The story, splendidly slender and ripe for interpretation, is probably better enjoyed on the eye-candy level. Dapper shopaholic Anderson, famously a collector of thingamabobs, fills every conceivable space with bric-a-brac. His customary needle-drop music-track playlist is in tip-top shape, heavy with Burl Ives for the rural-ness, but also boasting Georges Delerue, Art Tatum, the Beach Boys, the Bobby Fuller Four, and "The Ballad of Davy Crockett" by the Wellingtons — retro with a vengeance. The "cuss" dialogue placeholders — as in "What the cuss?" or "Cluster-cuss" — are also an inspired touch. But what really thrills us in Anderson's foxy bedtime story is the notion that some spirits are just plain untamable. Stealthy, unflappable Mr. Fox is a rebel without a tail.

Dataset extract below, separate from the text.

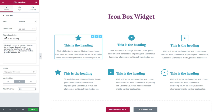Then you have the Title and Description, where you could insert the title and description that will go along with your icon. You could also insert a link, and you have an option to open the link in a new tab by clicking here.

With the costumed epic Red Cliff, celebrated Hong Kong and Hollywood action director John Woo (he made Mission: Impossible II, Face/Off, and The Killer, among many others) wanders into unaccustomed turf. The cast-of-thousands battle wagon — reportedly the most expensive film ever produced in Asia — is one of those sweep-of-history projects that will probably mystify those unfamiliar with the Chinese national legend. For American auds, sorting out the third-century-CE struggles between the Northern Chinese Han dynasty and the warlords of the South is a little like asking an audience in Wuhan to appreciate the difference between Robert E. Lee and Ulysses S. Grant. Better to focus on the sword fights and cavalry charges, of which there are many.

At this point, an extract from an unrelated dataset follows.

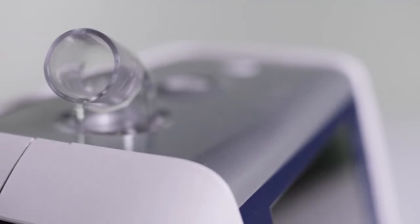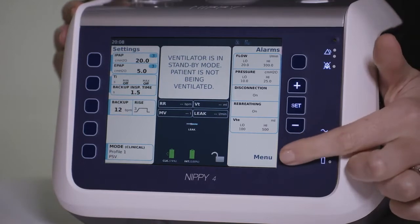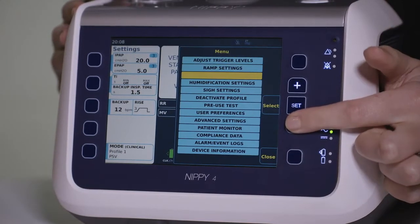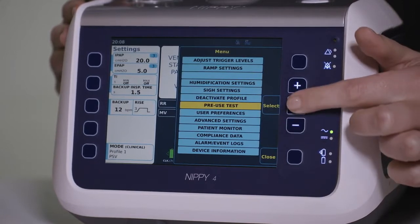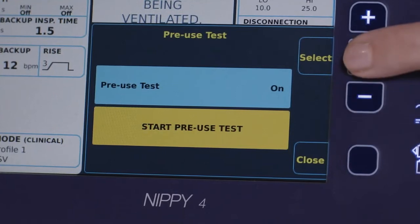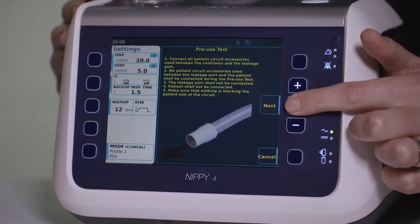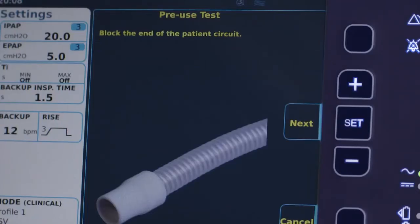Before setting the device up, we recommend you complete a pre-use test of the circuit you are using. To do the pre-use test, enter the main menu via the bottom right button and select the pre-use test option, followed by start pre-use test. Follow the on-screen instructions to complete the test in order to calibrate the device for use with the breathing circuit you are about to use.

Hong Kong superstar Tony Leung Chiu Wai, star of Woo's Hard Boiled, plays Zhou Yu, a Southern warrior chief in league with Sun Quan (Chang Chen) and Liu Bei (You Yong) against the invading armies of General Cao Cao (Zhang Fengyi). Centerpiece of the two-and-a-half-hour pic is a magnificently choreographed naval battle at the title locale, complete with fire catapults, interlocking ships, espionage, a typhus epidemic, furious storms of arrows, and more kung-fu than the last dozen HK cop flicks combined. It's noteworthy that women play key strategy roles in the conflict, especially one Xiao Qiao, played by Chiling Lin. All of the above return in the sequel, Red Cliff II, which is probably available this afternoon on DVD for five dollars in Chinatowns everywhere.
Nothing hard to fathom about Ninja Assassin. Director James McTeigue's slice-and-dicer focuses on Raizo (played by South Korean pop singer Rain, aka Jung Ji-hoon), a steely young man who rebels against his ninja clan over a female Europol agent named Mika Coretti (Noamie Harris), occasioning rivers of blood but only a trickle of believable action.
Nice to see Eighties/Nineties action hero Sho Kosugi (Nine Deaths of the Ninja, Pray for Death) finding work as the lead bad guy, Ozunu of the Clan of Black Sand — but that doesn't excuse the awful writing ("Let this death be remembered for a thousand years!") in this meathead exercise. It's like a Tom & Jerry cartoon with realistic opened arteries instead of comical toon injuries. Raizo sets a world record for scar tissue as he depletes the world's ninja supply by two-thirds, pausing only to engage in sweaty bare-chested calisthenics. Once upon a time, McTeigue made V for Vendetta, a thinking-person's revenge melodrama. He's paying for that with Ninja Assassin.